As a listener, I want to choose to have ads, or to not have them and pay directly for the service. In addition to the ads themselves (see previous article about this), I am tired of the sometimes pathetic shows that are broadcast on private radios. They are not bad on purpose, they are tailored to target a segment of audience that maximizes the ads income. I want to hear more quality content. We need private radios for this, because public radio cannot tailor programs for all segment audiences and relying too much on non-profits is not sustainable.

Doing paid radio is hard, because the population is accustomed to listening to the radio for free, i.e. through ads and taxes. A study in 2014 showed that the vast majority of web users would not be willing to pay to browse the internet without advertisements.

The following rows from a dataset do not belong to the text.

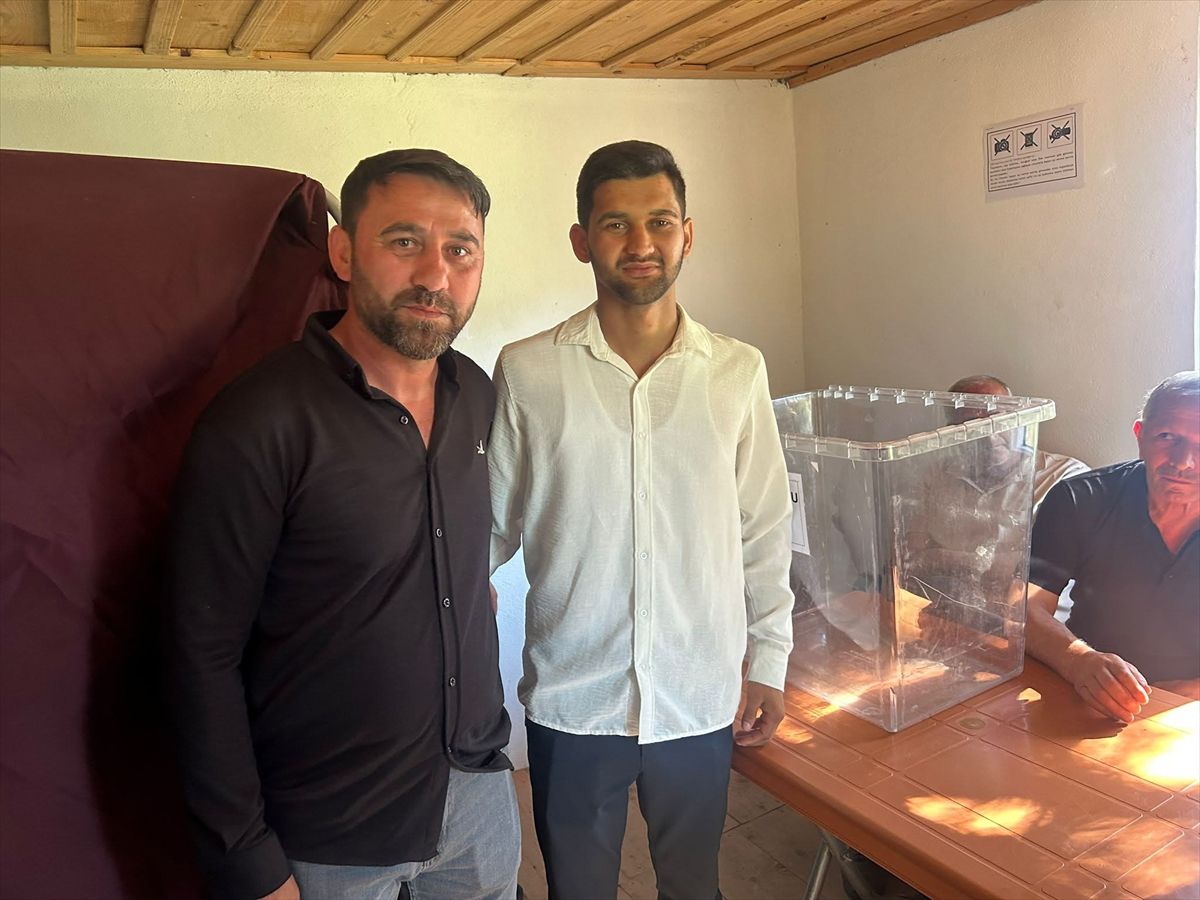 Alaçam\'da 21 Yaşında Muhtar Seçildi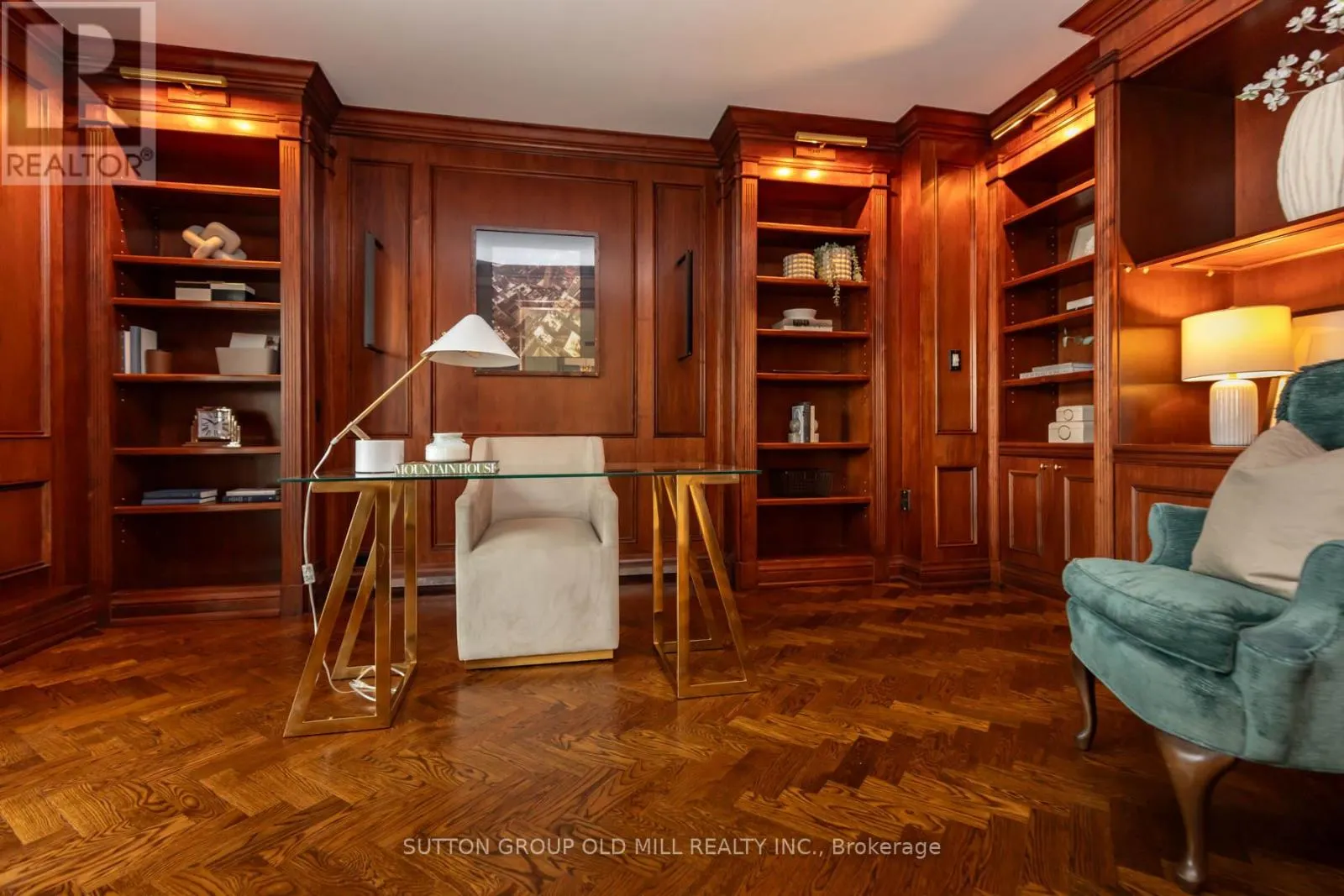 700 - 38 AVENUE ROAD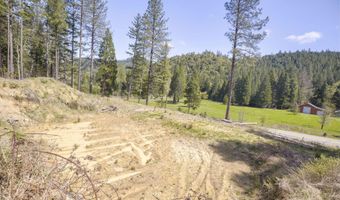 2799 Quines Creek Rd, Azalea, OR 97410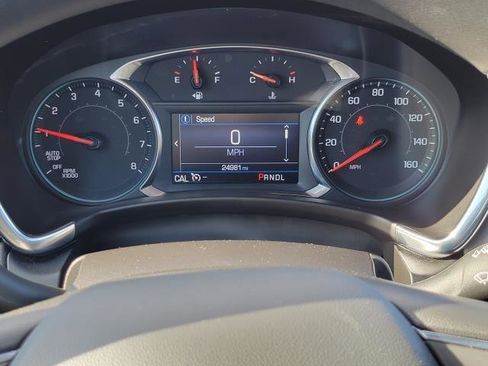 Used 2024 Chevrolet Equinox LS w/ LS Convenience Package image 14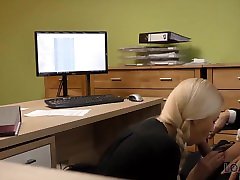 LOAN4K. Sex farting webcamouflage is performed in loan office by naughty agent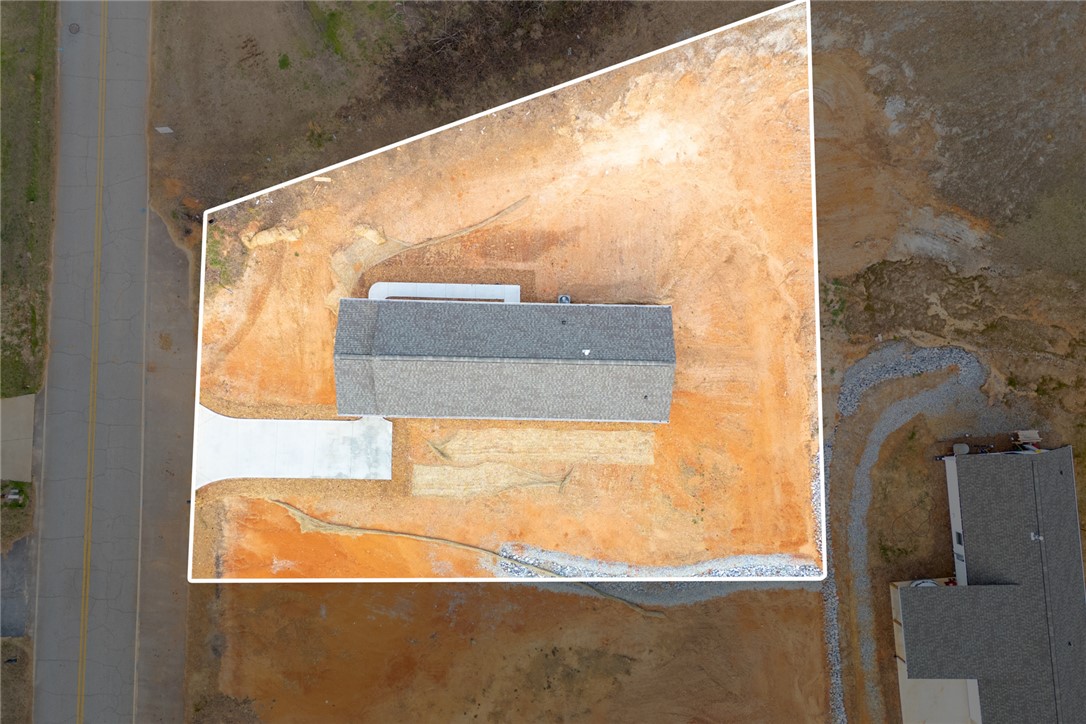 115 Riley Street Westminster, SC 29693 - Photo 42 of 46 An aerial perspective reveals the structure and layout of this property.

However, web press proved that a transition from free to paid is possible, with more premium content and paywalls. Many musical services today encourage a subscription, e.g. Spotify and similar services. There are less and less technical hurdles to expand the usage of connected radio, as smartphones and mobile broadband have become a commodity, at least in Europe.

In my opinion, bringing more premium content and innovating in the way radio programs are built will enable radios to adopt a hybrid business model: free with ads, ad-free with a subscription. Such move could bring the industry back on a growth trajectory.

By making the advertisement business model less attractive, I hope Adblock Radio will be a catalyst for such innovation.

Edit after some reactions on r/radio:

I think I should have made a distinction between big private radio networks, and small, local radio networks. Local content has indeed great value and is a strength of radio as a media. Ads for local businesses are somewhat okay, as long as they are creative and interesting.

Unfortunately, in France, local radios rely a lot on ads from non-local businesses: malls, telcos, banking, insurance, cars… (e.g. Leclerc). Repetitively listening to those ads is painful, because of poor content and also the often higher perceived audio level.

People willing to pay for an ad-free experience register to Spotify and other streaming services. And they are millions to do that. Why can't it work for radio, in the age of broadband internet and ubiquitous cellphone carrier coverage?